On Friday, about 35 Turkish soldiers crossed over the border into Greece and established a military occupation of a floodplain on the eastern bank of the Evros River near the Greek city of Feres. The soldiers set up a military camp and refused Greek requests to return to Turkey. The Evros river marks about 100 miles of the border between the two countries but it frequently changes its route, leading to confusion. This horseshoe section Evros is usually flooded in the winter but this year it is dry. The Turkish incursion was reportedly a response to a Greek army survey of the 1.6-hectare site as part of plans to build additional border fences.
The Greek Foreign Affairs Ministry in Athens lodged a protest with Turkey, demanding the Turkish soldiers pull back from the region but Turkey has not complied.
The border between the two countries is a very hot topic as Turkey hosts more than four million refugees from Syria. In February, Turkey led a military incursion into Syria in an attempt to conquer swaths of land to resettle Syrian refugees it had been hosting. Turkey was widely criticized for the incursion and responded by relaxing restrictions, thereby allowing about 10,000 fleeing Syrian refugees en route to Europe to arrive at the border with Greece. The Evros River currently does not have a fence on either side of its banks and many tried to cross into Greece. Despite the lack of a fence, crossing the river is considered quite dangerous.

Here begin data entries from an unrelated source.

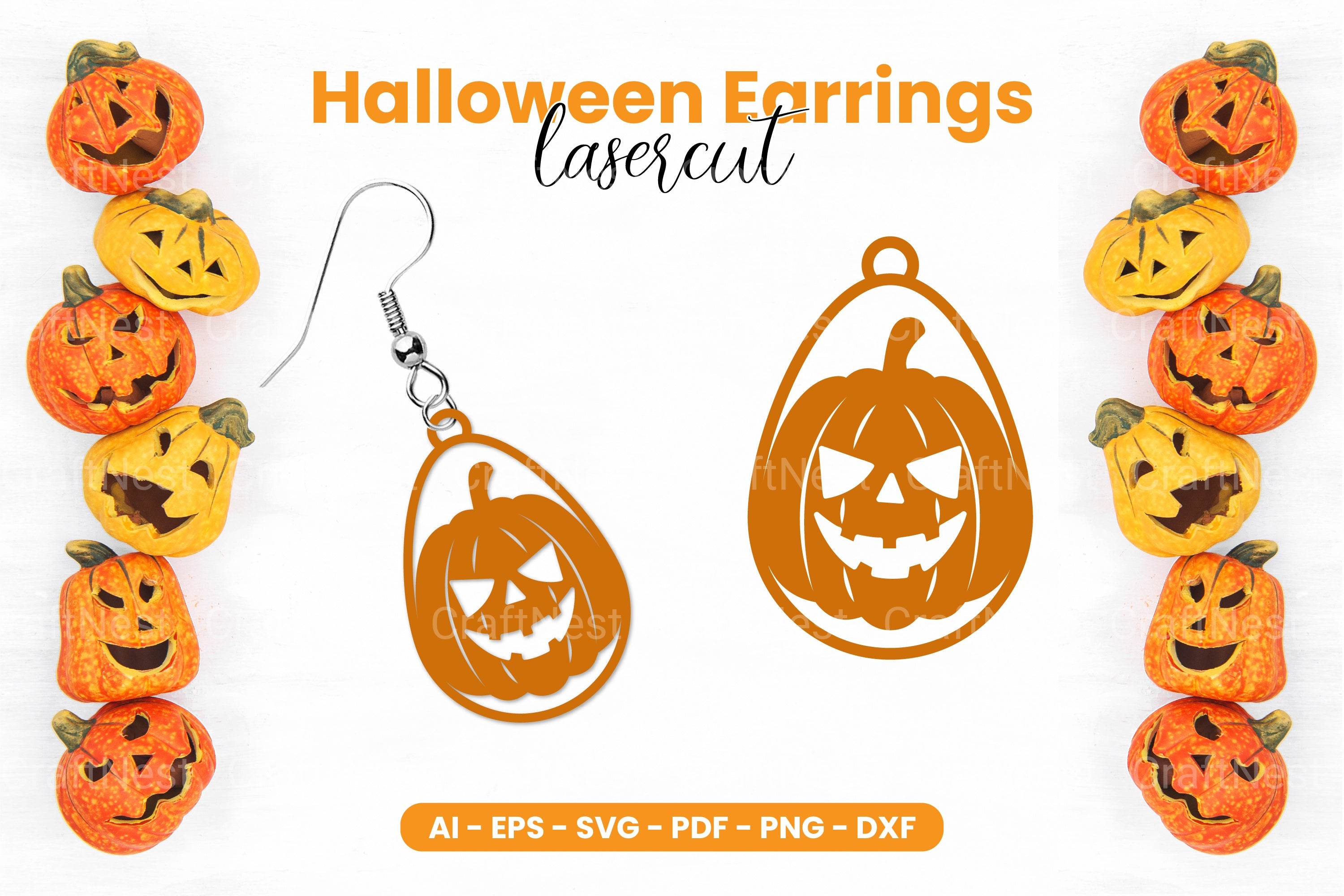Scary Halloween Earrings Laser Cut SVG Bundle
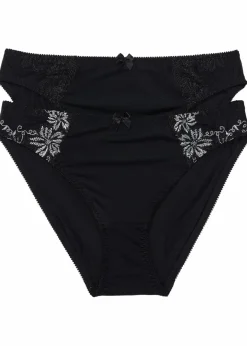bonprix Wäsche·Dessous|Wäsche·Höschen^Slip mit zarter Stickerei (2er Pack) schwarz+schwarz/weiß
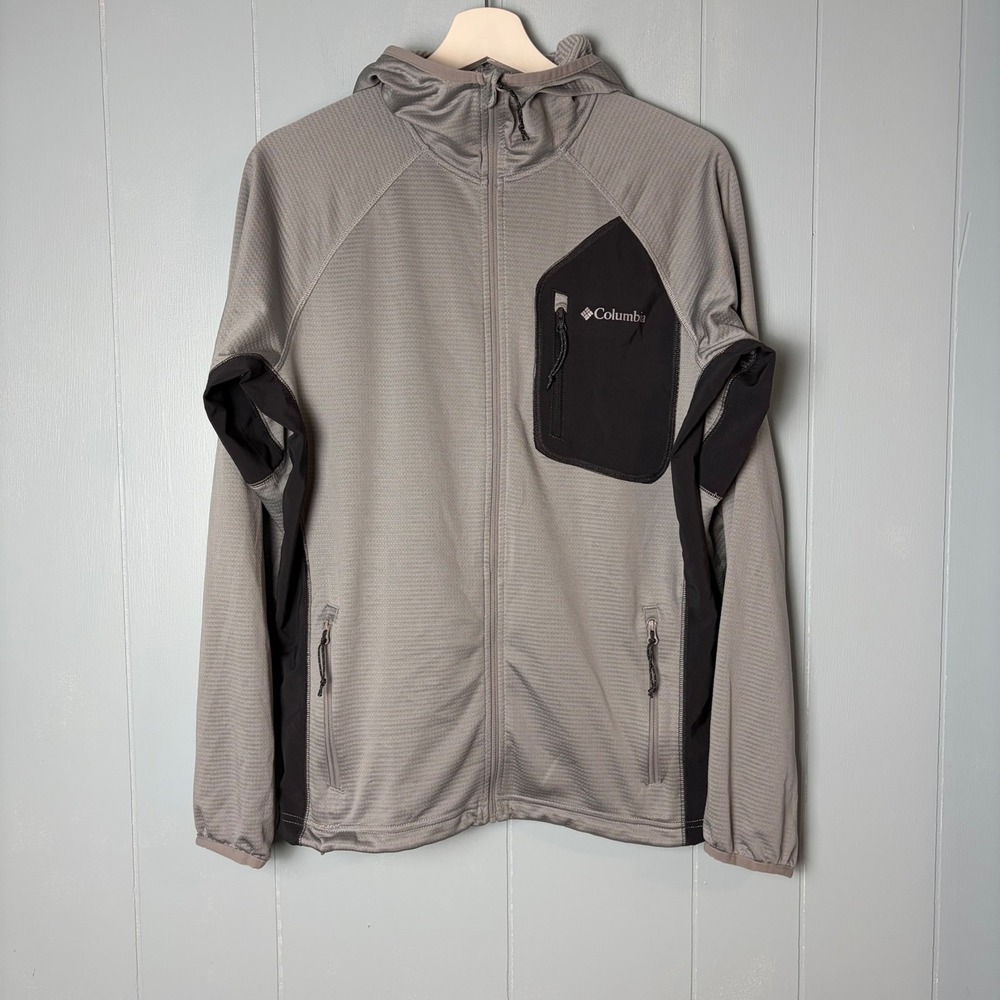 Columbia Mens Grey Grid Fleece Full Zip Hoodie Jacket XO0895 Small
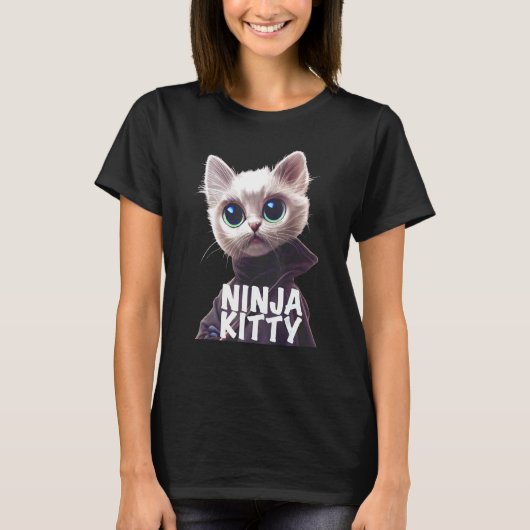 Ninja Cat Ninjitsu Kitten Spaß Artikel Japanischer T-Shirt (Vorderseite)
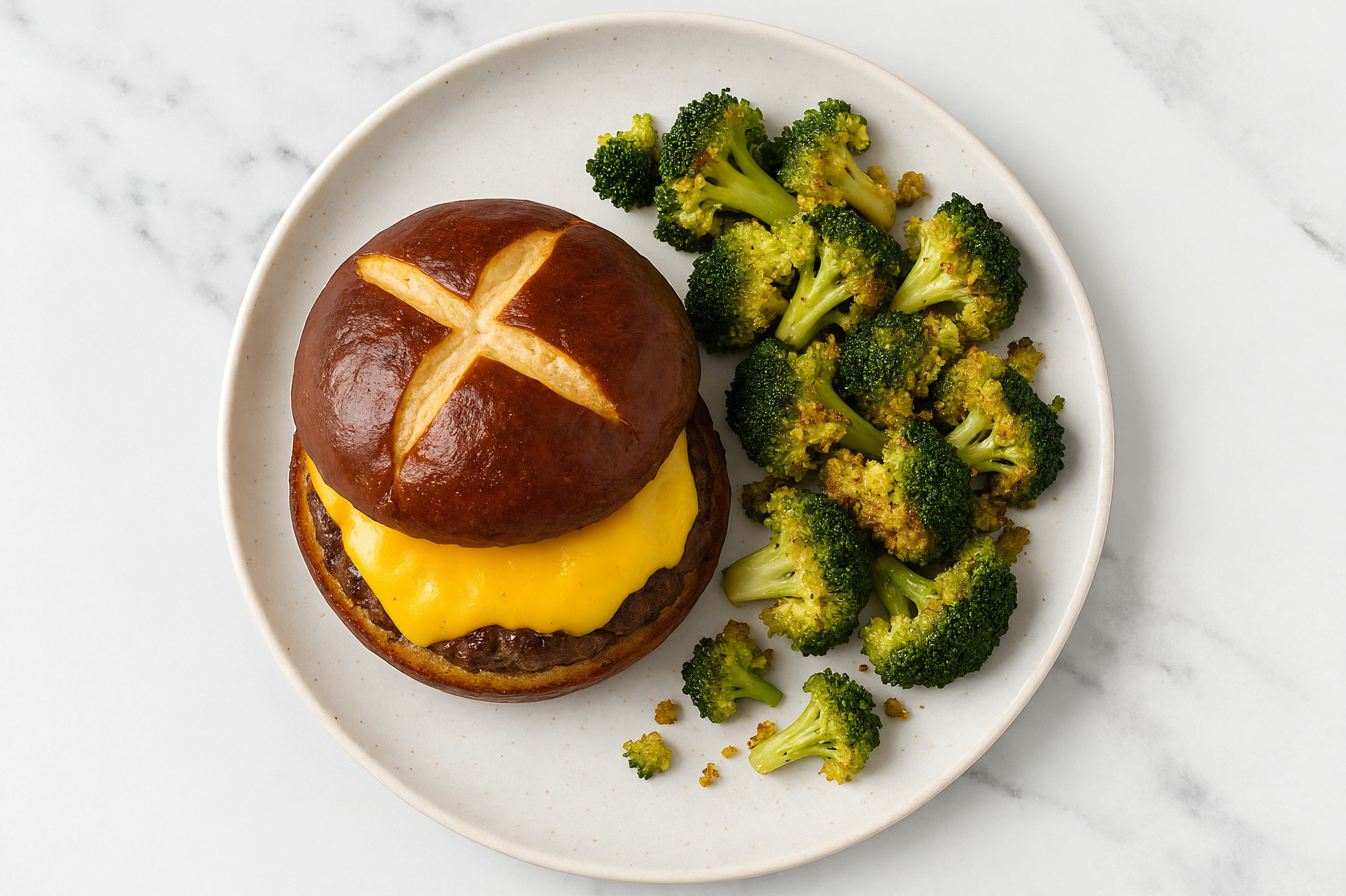 Classic Cheese Burger on Pretzel Bun with Wagyu Beef Patties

In March, Bulgarian authorities, at the request of Greece, opened the Ivaylovgrad Dam upstream to widen the river and make it more difficult to cross.
The Greek army had reportedly been working along that section of the river in preparation for establishing a strong border fence to prevent crossings by refugees.
Greek Foreign Minister Nikos Dendias denied claims of a conflict, saying that the incursion by the Turkish army was the result of a misunderstanding. in an interview with Skai TV, Dendias acknowledged that “a presence of Turkish forces has been observed in a strip of land where some preparatory works had been made by the Greek army.” He noted that the confusion arose as the Greek government would not give Turkey the coordinates of its fence expansion in Evros in advance. He also noted that the Greek government asked Turkey “not to make any other move in the area.”
“We will proceed with the fence expansion. It is our constitutional obligation to protect Greek soil”, Dendias said.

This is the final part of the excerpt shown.